▶ **Data records**

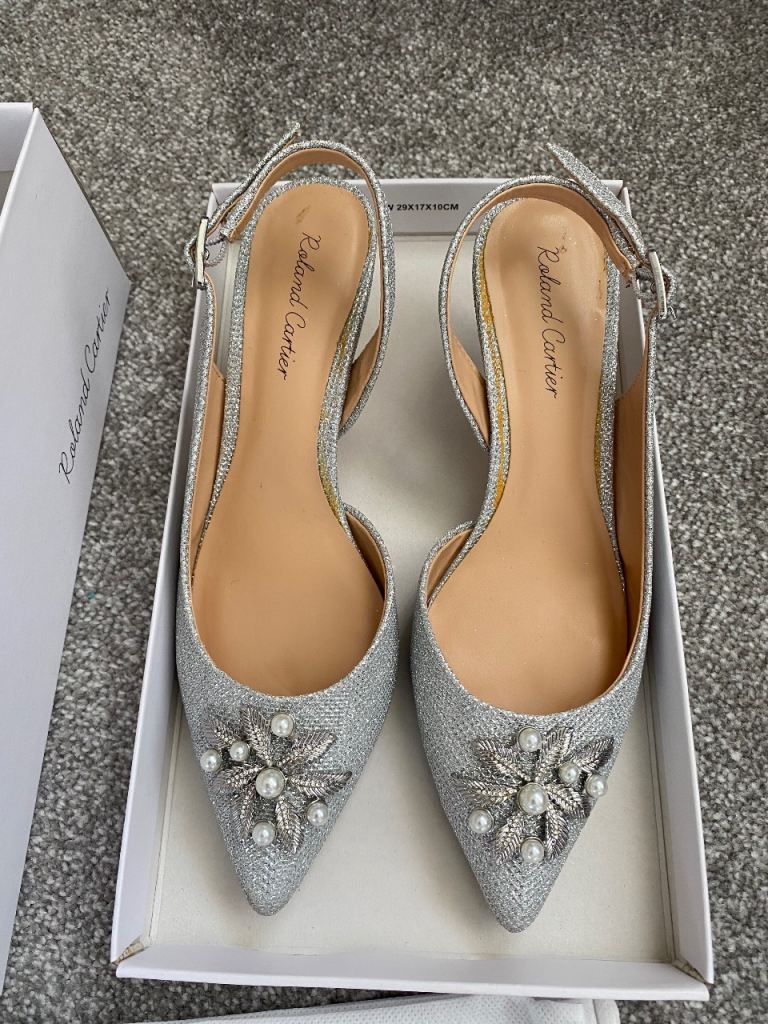 Silver/Metallic Pearl trim kitten heel shoes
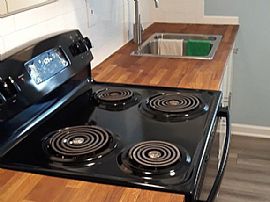 426 Ruth St, Bridgeport, Ct 06606 in Bridgeport, CT (Photo 8 of 12)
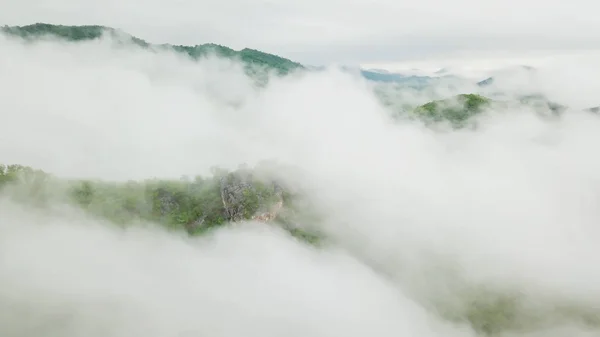 Tayland Dağda Gökyüzü Sis — Stok fotoğraf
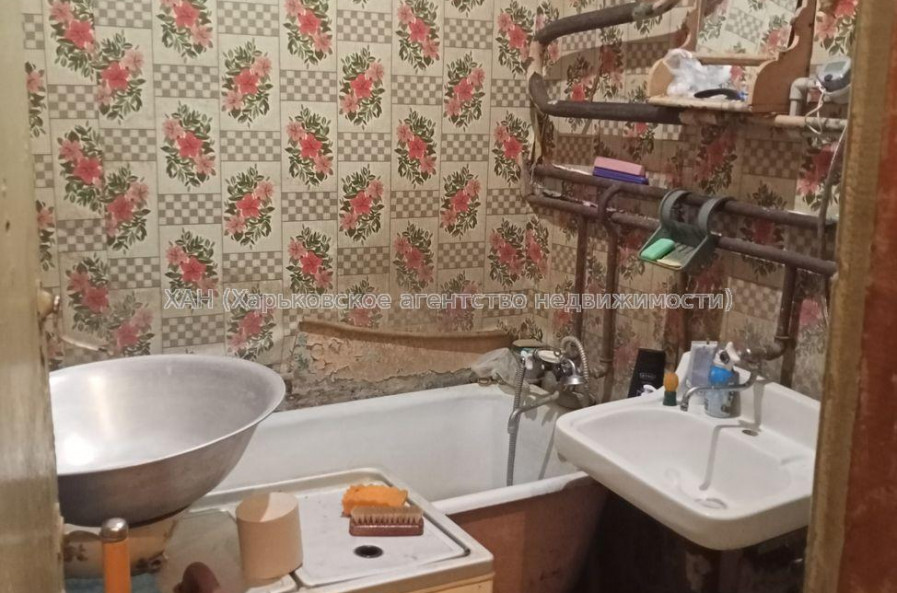 Продам квартиру, Харьковских Дивизий ул. , 1 кім., 30 м², без ремонта 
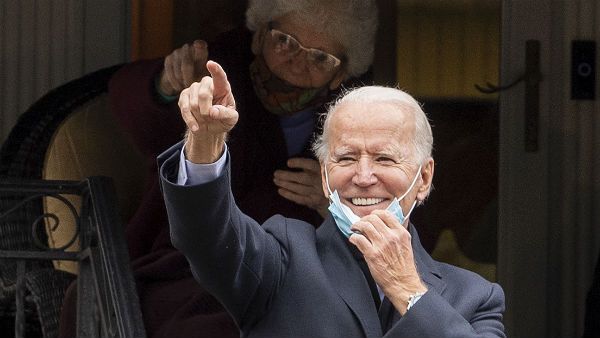 ডেমোক্র্যাটদের ঝড়ে বিপর্যস্ত রিপাবলিকান প্রার্থীরা, বাইডেনের ওপর ভরসা মার্কিন নাগরিকদের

▶ **Directions for this task**
For this exercise, transcribe exactly only the lines from the one containing "426 Ruth St, Bridgeport, Ct" through the end of the listing, inclusive, without the pictures.

▶ **Task result**
 426 Ruth St, Bridgeport, Ct 06606 in Bridgeport, CT (Photo 8 of 12)
 Tayland Dağda Gökyüzü Sis — Stok fotoğraf
 Продам квартиру, Харьковских Дивизий ул. , 1 кім., 30 м², без ремонта 
 ডেমোক্র্যাটদের ঝড়ে বিপর্যস্ত রিপাবলিকান প্রার্থীরা, বাইডেনের ওপর ভরসা মার্কিন নাগরিকদের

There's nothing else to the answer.